Data provided START
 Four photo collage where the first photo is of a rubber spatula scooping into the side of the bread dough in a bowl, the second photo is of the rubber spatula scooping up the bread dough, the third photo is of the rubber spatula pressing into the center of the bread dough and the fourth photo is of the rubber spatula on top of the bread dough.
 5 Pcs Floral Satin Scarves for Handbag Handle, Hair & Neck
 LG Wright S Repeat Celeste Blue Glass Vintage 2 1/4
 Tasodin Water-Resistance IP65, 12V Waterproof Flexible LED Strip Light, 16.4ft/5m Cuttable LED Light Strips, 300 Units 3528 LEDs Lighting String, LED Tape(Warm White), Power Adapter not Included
Data provided END
Word for word, copy out the data.

Reply ::
 Four photo collage where the first photo is of a rubber spatula scooping into the side of the bread dough in a bowl, the second photo is of the rubber spatula scooping up the bread dough, the third photo is of the rubber spatula pressing into the center of the bread dough and the fourth photo is of the rubber spatula on top of the bread dough.
 5 Pcs Floral Satin Scarves for Handbag Handle, Hair & Neck
 LG Wright S Repeat Celeste Blue Glass Vintage 2 1/4
 Tasodin Water-Resistance IP65, 12V Waterproof Flexible LED Strip Light, 16.4ft/5m Cuttable LED Light Strips, 300 Units 3528 LEDs Lighting String, LED Tape(Warm White), Power Adapter not Included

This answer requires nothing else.